A dealer in Muskegon is trying to sell what he claims is the Chevy van driven by Jack Black in the movie “School of Rock.” The cargo area is said to be loaded with movie props and he’s only asking $10,000. There’s only one problem.
The same dealer also has what he claims is a Cadillac owned by Elvis Presley, except it’s a 1982 model and most of us believe Elvis died in 1977. Now I’m not sure if I’d believe his “documentation” for it or the van, or even for the 1980 AMC Pacer he claims was owned by Conway Twitty.
But don’t worry, there are lots of ads that are so detailed in their description that you almost have to trust the seller, like this one: “2006 Ford Mustang GT...only item to note is two small holes in front bumper from license plate.”
Or “1994 Mercedes Benz E320...turn signals are now clear, not orange.”
Or “1997 Ford F350 Flatbed, diesel, hole in the seat.”
This dealer isn’t going out on too long of a limb when he advertises “2007 Ford E250 Cargo Van...your mother-in-law will fit in the back.” I would certainly hope so.
Some sellers are even super honest about the cleanliness of their vehicles.
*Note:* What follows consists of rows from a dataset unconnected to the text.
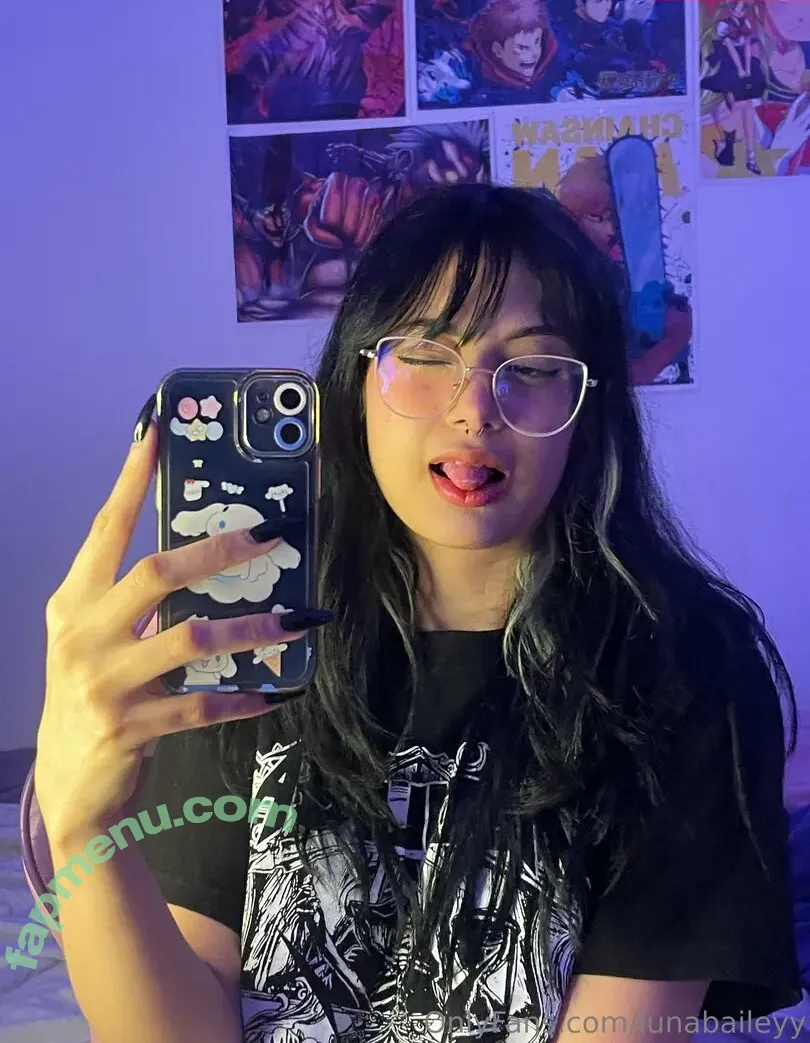 lunabaileyy nude photo #0018 (lunabailey.xo)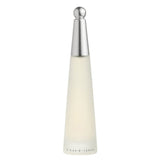 Issey Miyake Issey Miyake Eau de Toilette Spray l'eau d'issey femme 25ml Damen Damen - afbeelding 1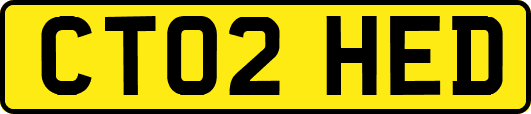 CT02HED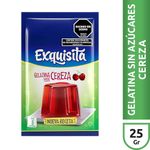 Gelatina-Light-Cereza-X-25-Gr-Exquisita-1-1001159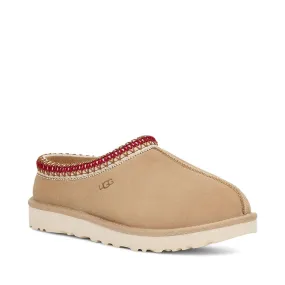 Women's UGG Tasman Slipper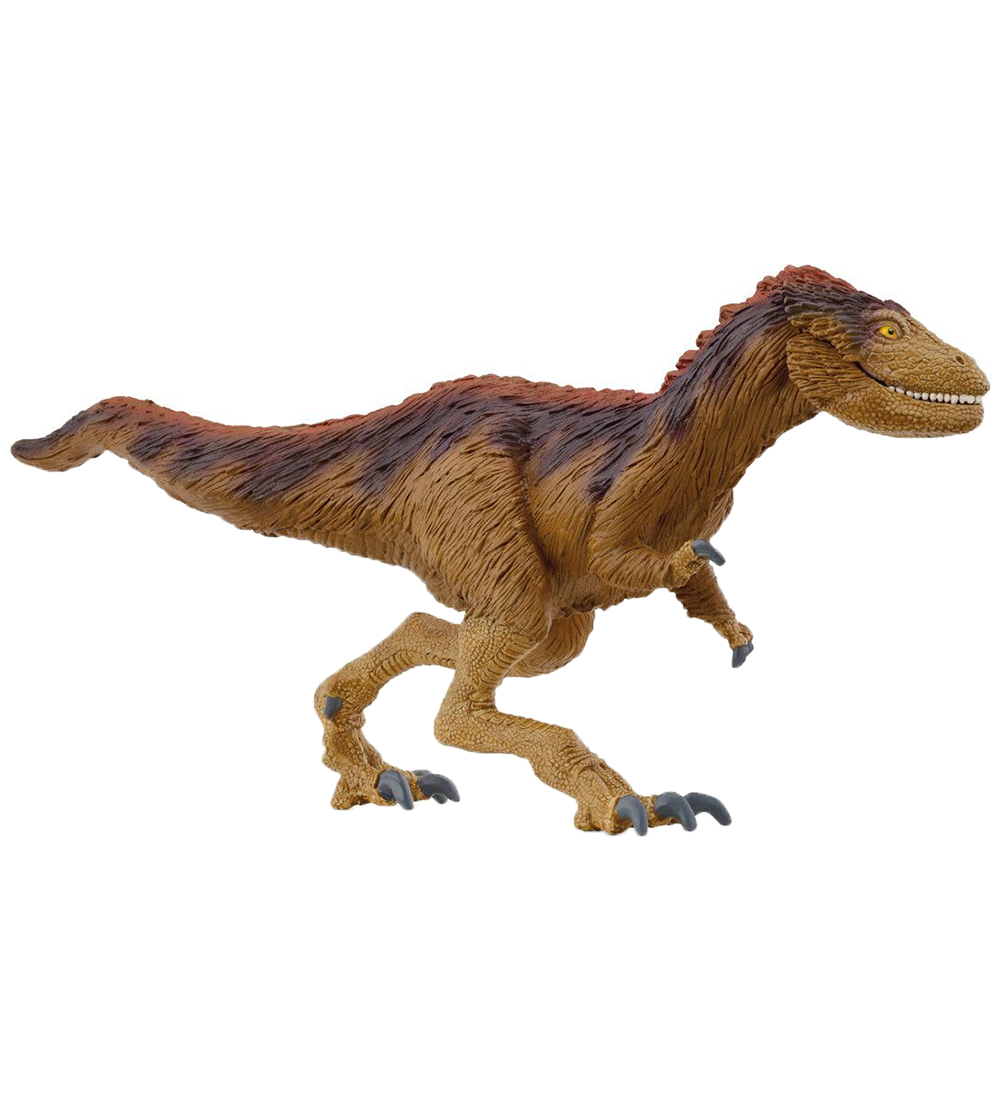 Schleich Dinosaurs - Moros Intrepidus - L: 19,5 cm - 15039 - Schleich - One Size - Dinosaurier Schleich Dinosaurs - Moros Intrepidus - L: 19,5 cm - 15039 - Schleich - One Size - Dinosaurier von Schleich
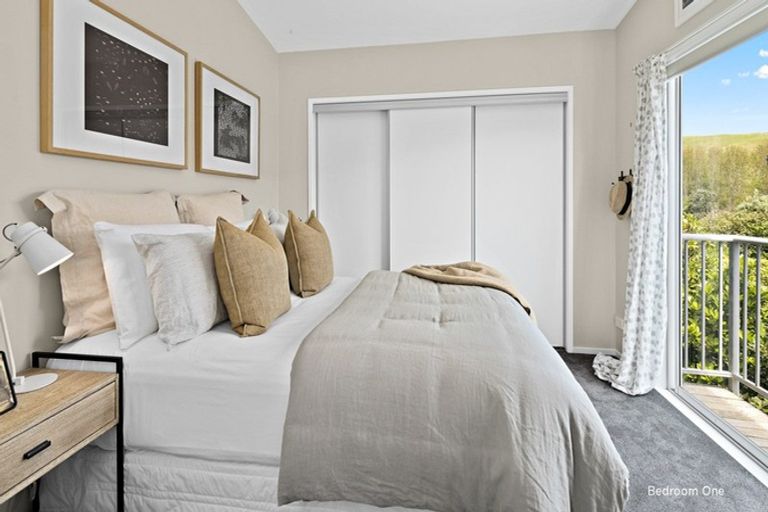 Photo of property in 253 Mangatawhiri Road, Omaha, 0986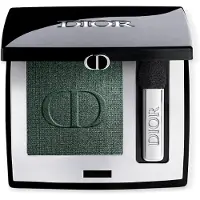 Dior - Diorshow Mono Couleur Fard À Paupières Haute Couleur Et Longue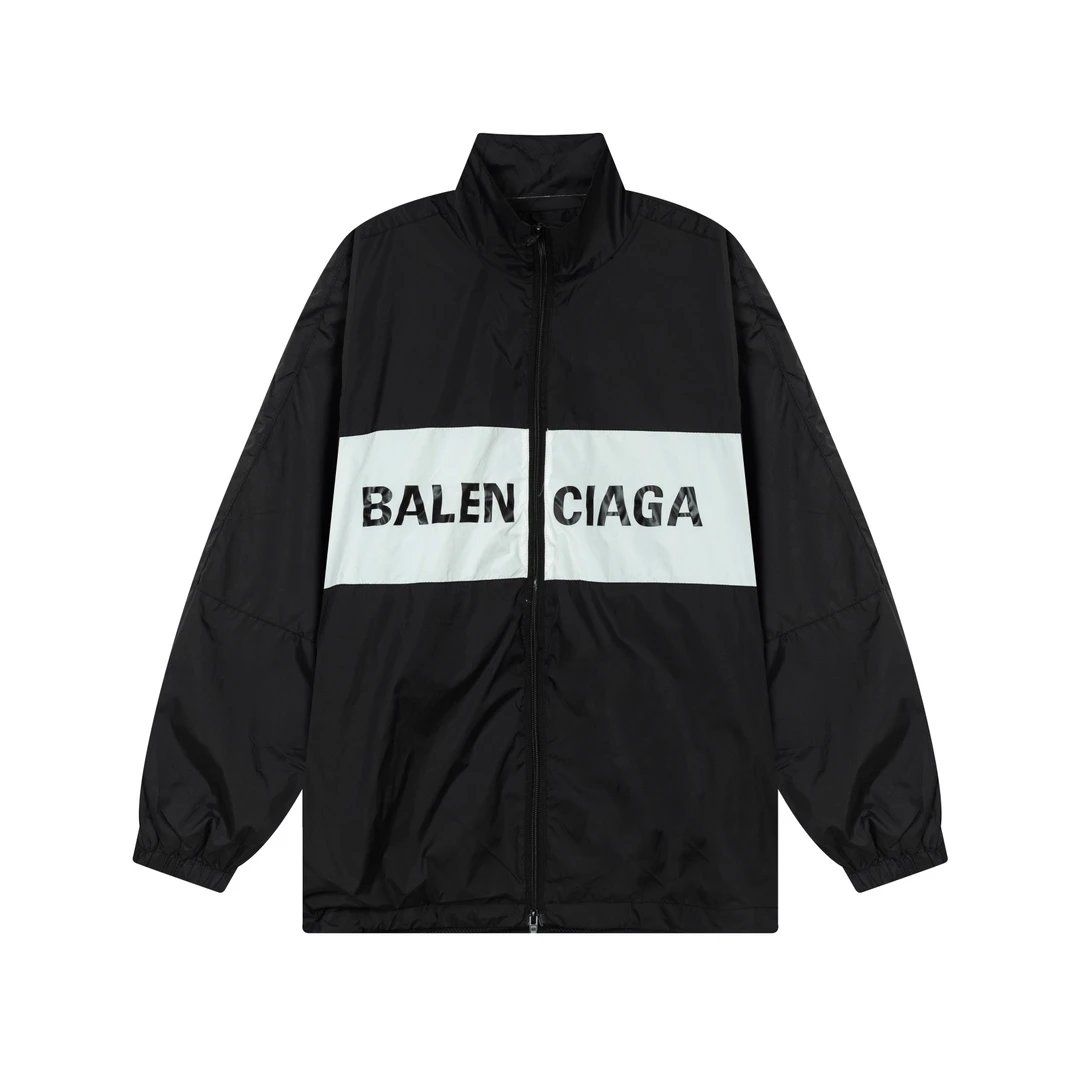 06 06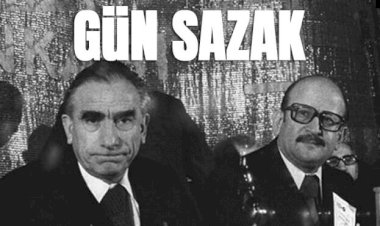 Gün Sazak kimdir ve nasıl şehit edildi?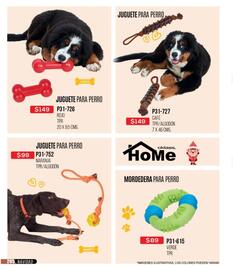 Catálogo Cklass Página 206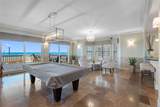 13630 Gulf Boulevard - Photo 43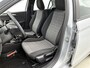 Opel Corsa 1.2 Level 2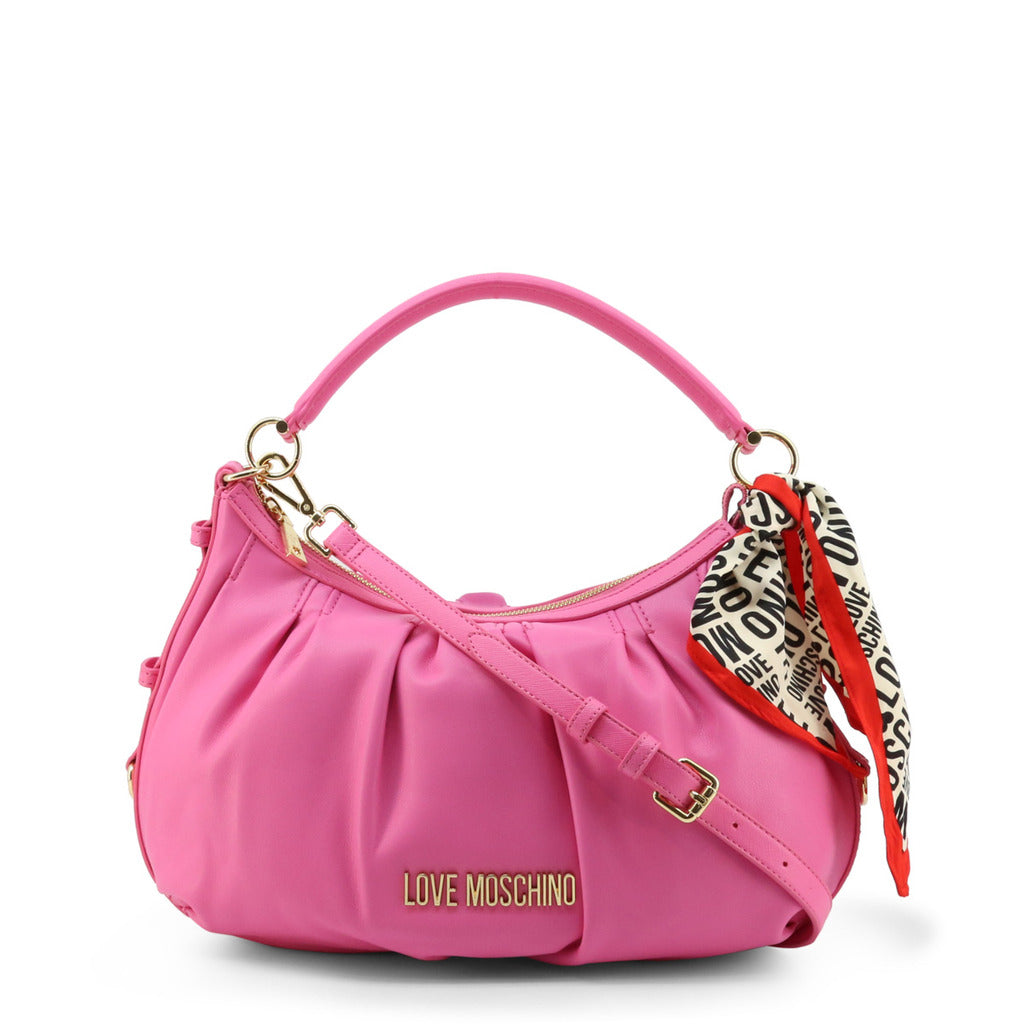 Love Moschino - JC4039PP1GLE1 - mem39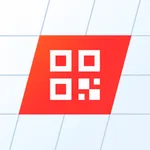 SolarEdge Mapper icon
If you don’t mind doing your own detailing, you might be interested in a “1994 Pontiac Trans Sport...dirty carpet.” Or maybe this “2005 Chevy Malibu Maxx...very dirty interior.”
While I appreciate the honesty, I’ll definitely pass on this one: “2007 Dodge Caliber...minor stains in back seat.” Let’s just move along, shall we?
When it comes to avoiding road hazards, some people are more fortunate than others. Like the owner of this “1995 Saturn SC2. Deer died, I drove home...everything still works.” He or she certainly was a lot luckier than the owner of the “1997 Olds 88...missed the deer but ended up hitting a tree!...great doors and lots of other parts.”
I always love the ads that give their reasons for selling, like this one from a family obviously in turmoil: “1998 Pontiac Grand Prix GT...priced $500 under book. My wife wants Trailblazer, I want peace and quiet.”
Or: “2002 Mercury Cougar...Baby = bye bye sports car.”
Or “2007 Lincoln Town Car...purchased for mom and dad, said too big.”
One owner found out a side effect of having a classic car: “1963 Ford Thunderbird...draws so much attention that my wife will not drive it.”
My favorite in this group is a recent new car buyer: “2008 Ford Mustang. 411, yes, 411 miles. New car purchased for wife, too small to get four year old in back seat.”
Then there are always a few ads that just don’t make sense. Like this one for a seldom-seen car: “1978 Checker Marathon. 6 cyl., AT, runs good, solid body, usual rust, ideal delivery or business promo car. Ernie Harwell was right! $3650.” Ernie Harwell was right? About what?
Maybe you can explain this one to me. “2005 Ford Escape LTD. 4x4, 40,000 miles, sharp like Judy, $15,995.” Sharp like Judy?
Here’s a guy who doesn’t like to complain: “1988 Chevy 2500... trans. shifts hard-always has...” So the guy bought the truck who knows how long ago—maybe even when new—it’s always shifted hard and he’s never had it fixed. Now he’s looking for another sucker as big as him. Good luck with that.
That guy almost has to be related to the owner of this car: “1963 Ford Fairlane...not started since engine and trans. were rebuilt 20 yrs. ago, trans not yet re-installed, $600.” Yes, he hasn’t gotten around to re-installing the transmission yet, but give him a break, it’s only been 20 years. Maybe the next owner will have some ambition.
But enough seriousness, let’s end this on a happy note. How about a “2003 Chevy Trailblazer...one-of-a-kind because it’s the only one we have.” Or a “2002 Ford F150 Supercrew Lariat. Loaded, TV. We have sold it twice, it seems to like us.”
And finally, one dealer seems overstocked with a particular body style: “2001 Ford F250 Crew Cab. Yet another 5.4L gas engine crew cab has found its way onto our lot. We think they come in at night when the diesels are sleeping.” After all this, I think I’ll take a nap myself.